A listing of the chapters titles
Organizational challenges Bridging communication gaps between data scientists and software engineers
Socio-technical considerations Addressing fairness, accountability, and transparency in ML systems
Practical implementation Converting theoretical principles into working systems
Responsible AI Ensuring ML systems are designed with ethical considerations from the ground up—dedicating seven full chapters to safety, security, fairness, interpretability, and accountability
Engineering techniques Applying established software engineering methods like fault tree analysis and hazard analysis to manage ML uncertainty

This comprehensive approach aligns with S3D's interdisciplinary focus and commitment to studying the bigger picture of computing in context.

Availability and Resources

"Machine Learning in Production: From Models to Products" is available through MIT Press and major retailers in both hardcover ($85) and ebook formats. In keeping with Kästner's commitment to open education, the book is also available as an open-access resource under a Creative Commons license.

The complete book, along with supplementary materials including slides, assignments, and an annotated bibliography, is available at https://mlip-cmu.github.io/book/ .

Related S3D Research and Initiatives

This publication complements ongoing research initiatives within S3D, including work on software architecture, program analysis, and complex socio-technical systems.
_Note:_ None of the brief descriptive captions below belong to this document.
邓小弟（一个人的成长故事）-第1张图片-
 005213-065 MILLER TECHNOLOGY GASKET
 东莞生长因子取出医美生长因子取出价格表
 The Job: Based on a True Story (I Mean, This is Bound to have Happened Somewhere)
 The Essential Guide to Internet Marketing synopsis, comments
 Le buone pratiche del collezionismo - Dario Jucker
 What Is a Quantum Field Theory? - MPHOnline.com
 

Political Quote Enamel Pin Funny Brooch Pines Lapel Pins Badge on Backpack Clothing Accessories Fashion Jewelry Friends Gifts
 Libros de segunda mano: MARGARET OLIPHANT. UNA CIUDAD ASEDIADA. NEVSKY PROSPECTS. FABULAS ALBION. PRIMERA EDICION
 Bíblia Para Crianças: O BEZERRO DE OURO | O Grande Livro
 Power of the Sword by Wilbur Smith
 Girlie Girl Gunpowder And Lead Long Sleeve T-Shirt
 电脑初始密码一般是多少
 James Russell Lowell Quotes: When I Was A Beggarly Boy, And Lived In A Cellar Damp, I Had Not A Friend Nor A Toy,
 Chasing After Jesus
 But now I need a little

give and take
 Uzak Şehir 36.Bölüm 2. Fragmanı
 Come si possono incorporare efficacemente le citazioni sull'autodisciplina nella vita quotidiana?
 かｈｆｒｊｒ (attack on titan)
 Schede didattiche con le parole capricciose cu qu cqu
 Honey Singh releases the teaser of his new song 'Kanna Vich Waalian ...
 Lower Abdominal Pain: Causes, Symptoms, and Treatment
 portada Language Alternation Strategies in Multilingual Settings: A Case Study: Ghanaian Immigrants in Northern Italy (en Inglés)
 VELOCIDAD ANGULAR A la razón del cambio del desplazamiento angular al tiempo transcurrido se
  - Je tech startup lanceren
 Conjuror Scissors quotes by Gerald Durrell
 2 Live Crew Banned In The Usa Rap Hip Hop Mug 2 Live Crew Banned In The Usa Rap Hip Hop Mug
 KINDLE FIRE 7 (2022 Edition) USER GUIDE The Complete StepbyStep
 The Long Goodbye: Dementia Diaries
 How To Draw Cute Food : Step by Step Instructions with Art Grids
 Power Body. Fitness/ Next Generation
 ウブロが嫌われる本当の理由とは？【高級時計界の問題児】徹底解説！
The department's focus on both foundational and applied projects creates an environment where technical expertise meets real-world application—precisely the approach advocated in Kästner's book.

The book also serves as a valuable resource for S3D's master's programs in Software Engineering (MSE) and Privacy Engineering (MSIT-PE), both of which emphasize the practical application of technical knowledge to address societal challenges.


About Christian Kästner: Christian Kästner is an Associate Professor of Computer Science at Carnegie Mellon University and serves as the director of the Software Engineering PhD program in the Software and Societal Systems Department. His research focuses on building reliable, explainable software systems, especially those incorporating artificial intelligence components. With over 250 research publications and 12,000+ citations, his work spans software engineering, program analysis, and the intersection of AI and software systems. Kästner is particularly interested in understanding the limits of modularity and complexity in variability in software systems and bridging the gap between data scientists and software engineers.

Editor's Note: The Software and Societal Systems Department (S3D) at Carnegie Mellon University explores the vital intersection where software, systems, and society converge. Our interdisciplinary approach allows us to tackle a broad spectrum of research areas, developing tools, policies, and methods that address large-scale societal problems.